Closed funnypig521 closed 2 years ago

funnypig521 commented 2 years ago

Excuse me, I can not reproduce your results.For 81 frames, I can only achieve 44.83mm MPJPE, and for 351 frame, just 43.17mm.Would you please tell me the reason or show me the way to revisit results? It would be better if you could share the training log.Thanks a lot!!!

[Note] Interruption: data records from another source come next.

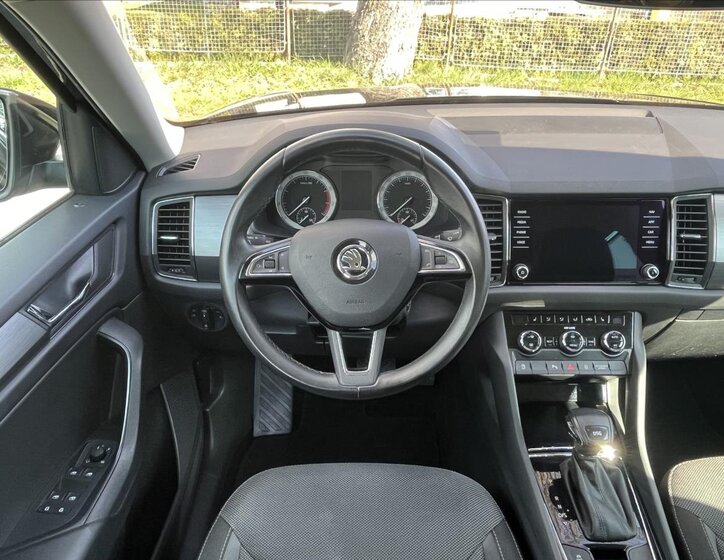 Škoda Kodiaq SUV / Terénní 1,4 l 110 kw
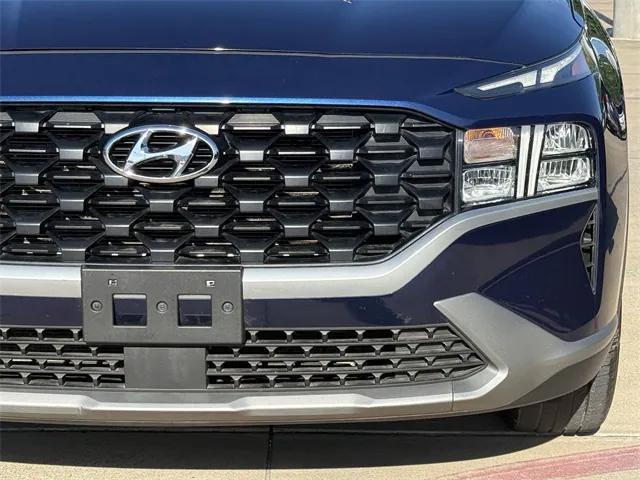 used 2023 Hyundai Santa Fe car, priced at $22,146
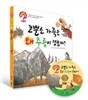 코뿔소 가죽은 왜 주름이 졌을까?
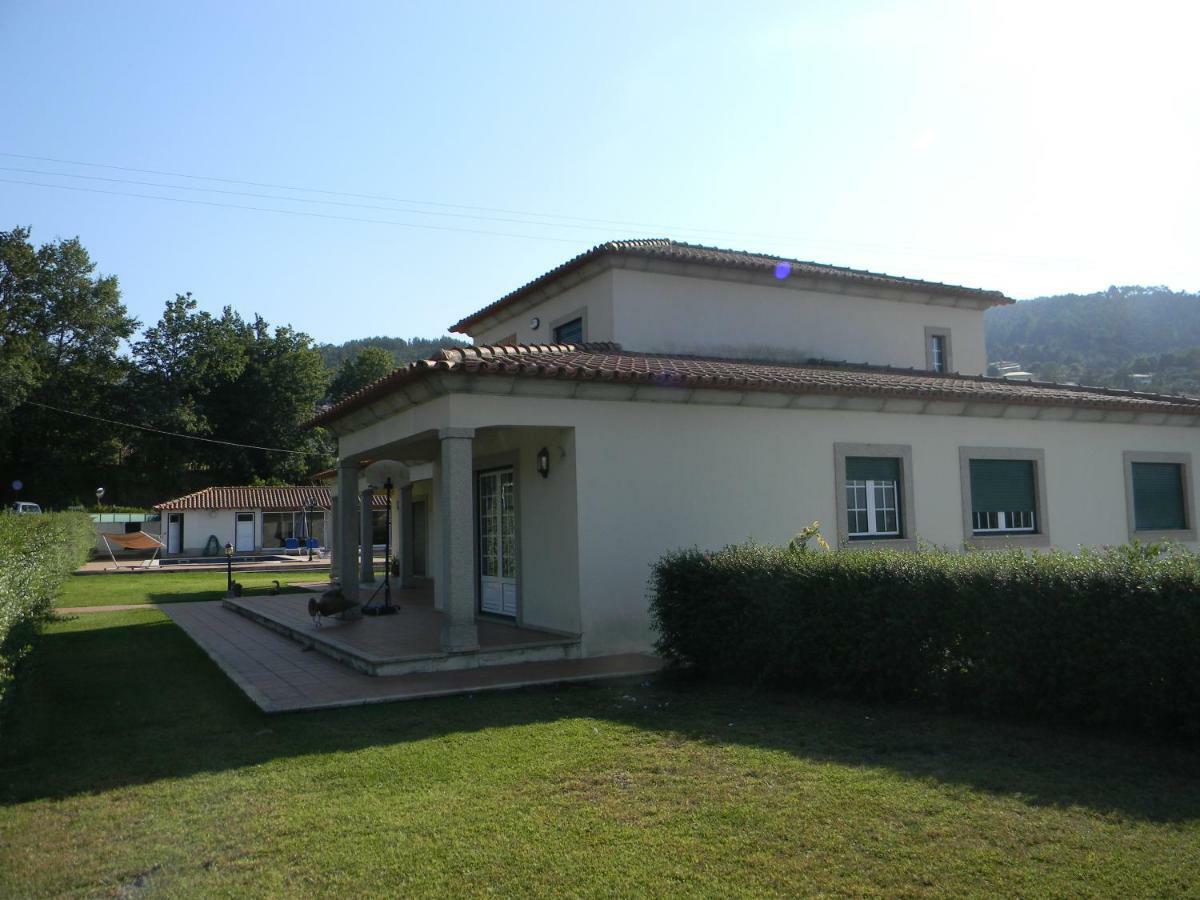 Casa Estrada Da Guia Hotel Viana do Castelo Exterior photo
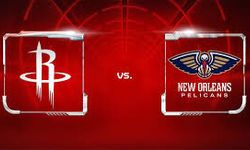New Orleans Pelicans - Houston Rockets Maçı Ne Zaman, Saat Kaçta, Hangi Kanalda?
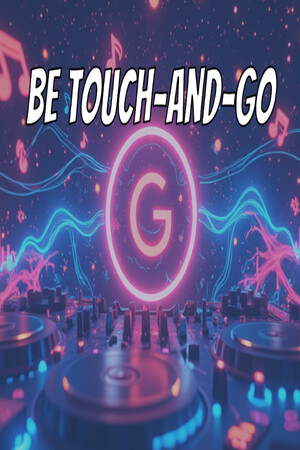 Be touch-and-go cover art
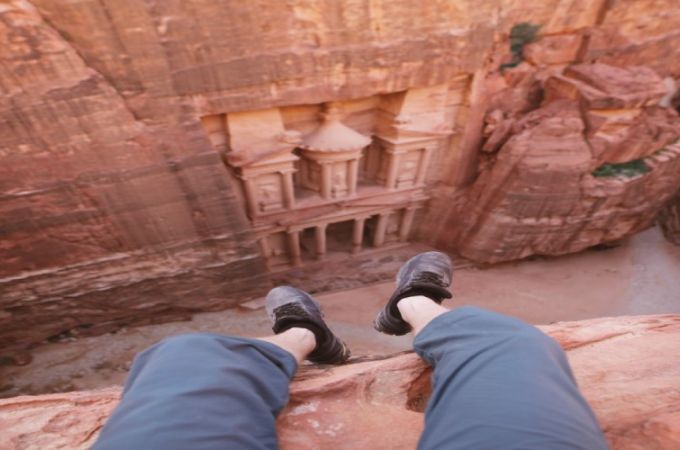 Petra Weather in November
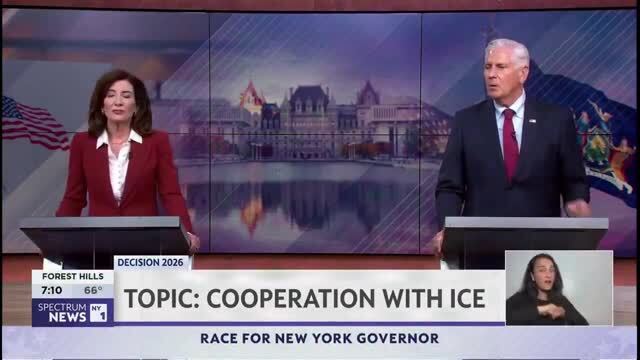 Bruce Blakeman to Gov. Hochul: ‘You Say You Spent $4B on Law Enforcement? Well, You Spent $8B on Illegal Immigrants’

alecda573 commented 2 years ago

@funnypig521 are these for the cpn detections or the gt? Also, if this is the validation loss printed during training that is frame-wise loss they are reporting the action-wise average which usually decreases about half a mm from frame-wise average

funnypig521 commented 2 years ago

@alecda573 They are both for CPN detections.Here are my training logs and test results for 81 frames.Could you please explain more specifically? 2022/03/23 16:55:35 epoch: 1, lr: 0.0010000, loss: 0.0516, mpjpe: 49.42 2022/03/23 18:00:17 epoch: 2, lr: 0.0009500, loss: 0.0348, mpjpe: 45.19 2022/03/23 19:05:02 epoch: 3, lr: 0.0009025, loss: 0.0320, mpjpe: 45.65 2022/03/23 20:09:48 epoch: 4, lr: 0.0008574, loss: 0.0307, mpjpe: 45.45 2022/03/23 21:14:32 epoch: 5, lr: 0.0008145, loss: 0.0299, mpjpe: 44.95 2022/03/23 22:19:18 epoch: 6, lr: 0.0004073, loss: 0.0285, mpjpe: 45.12 2022/03/23 23:24:02 epoch: 7, lr: 0.0003869, loss: 0.0282, mpjpe: 45.14 2022/03/24 00:28:50 epoch: 8, lr: 0.0003675, loss: 0.0280, mpjpe: 45.13 2022/03/24 01:32:58 epoch: 9, lr: 0.0003492, loss: 0.0278, mpjpe: 45.34 2022/03/24 02:37:06 epoch: 10, lr: 0.0003317, loss: 0.0276, mpjpe: 44.83 2022/03/24 03:41:13 epoch: 11, lr: 0.0001659, loss: 0.0272, mpjpe: 45.58 2022/03/24 04:45:19 epoch: 12, lr: 0.0001576, loss: 0.0271, mpjpe: 45.67 2022/03/24 05:49:27 epoch: 13, lr: 0.0001497, loss: 0.0269, mpjpe: 45.00 2022/03/24 06:53:33 epoch: 14, lr: 0.0001422, loss: 0.0269, mpjpe: 45.43 2022/03/24 07:57:39 epoch: 15, lr: 0.0001351, loss: 0.0268, mpjpe: 45.69 2022/03/24 09:01:57 epoch: 16, lr: 0.0000675, loss: 0.0267, mpjpe: 45.18 2022/03/24 10:06:42 epoch: 17, lr: 0.0000642, loss: 0.0266, mpjpe: 46.29 2022/03/24 11:11:26 epoch: 18, lr: 0.0000610, loss: 0.0265, mpjpe: 46.06 2022/03/24 12:16:10 epoch: 19, lr: 0.0000579, loss: 0.0265, mpjpe: 46.02 2022/03/24 13:20:56 epoch: 20, lr: 0.0000550, loss: 0.0266, mpjpe: 47.05

100%|███████████████████████████████████████| 4245/4245 [08:32<00:00, 8.28it/s] ===Action=== ==MPJPE=== Directions 41.13 Discussion 45.84 Eating 41.87 Greeting 43.21 Phoning 45.91 Photo 51.45 Posing 42.38 Purchases 42.51 Sitting 54.86 SittingDown 62.31 Smoking 45.58 Waiting 42.50 WalkDog 47.61 Walking 31.99 WalkTogether 33.34 Average 44.83 mpjpe: 44.83

alecda573 commented 2 years ago

@funnypig521 you are essentially right where you should be. They report 44.5 as the erro for the 81 frame model for cpn detections.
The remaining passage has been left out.